But she did not change her position, and she
continued to gaze up the long stretch of line as though waiting for
something.
"What on earth is she doing?" whispered Billy. "There are no wind-flowers
there."
Scott slipped quietly to the ground. "You wait here!" he said. "Hold my
animal, will you?"
He left the bridge, retracing his steps, and climbed a railing that
fenced the wood.
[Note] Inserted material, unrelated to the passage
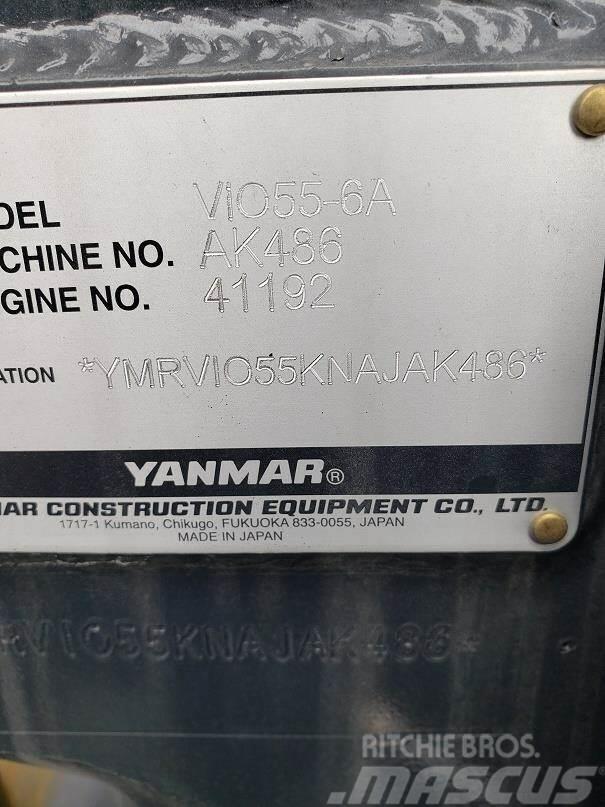 Yanmar VIO55-6A Paletli ekskavatörler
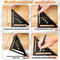 Aluminum Alloy Triangle Ruler, Miter Square Angle Protractor, Woodworking Measuring Ruler, Triangular Metric Angle Gauge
In a moment he disappeared among the trees, and Billy
was left to watch and listen in unaccountable suspense.
The morning was dull, and a desolate wind moaned among the bare
tree-tops. He shivered a little. There was something uncanny in the
atmosphere, something that was evil. He kept his eyes upon Dinah, but she
was a considerable distance away, and he could not see that she stirred
so much as a finger. He wondered how long it would take Scott to reach
her, and began to wish ardently that he had been allowed to go instead.
The man was lame and he was sure that he could have covered the distance
in half the time.
And then while he waited and watched, suddenly there came a distant
drumming that told of an approaching train.
"The Northern express!" he said aloud.
Many a time had he stood on the bridge to see it flash and thunder below
him. The sound of its approach had always filled him with a kind of
ecstasy before, but now--to-day--it sent another feeling through him,--a
sudden, wild dart of unutterable dread.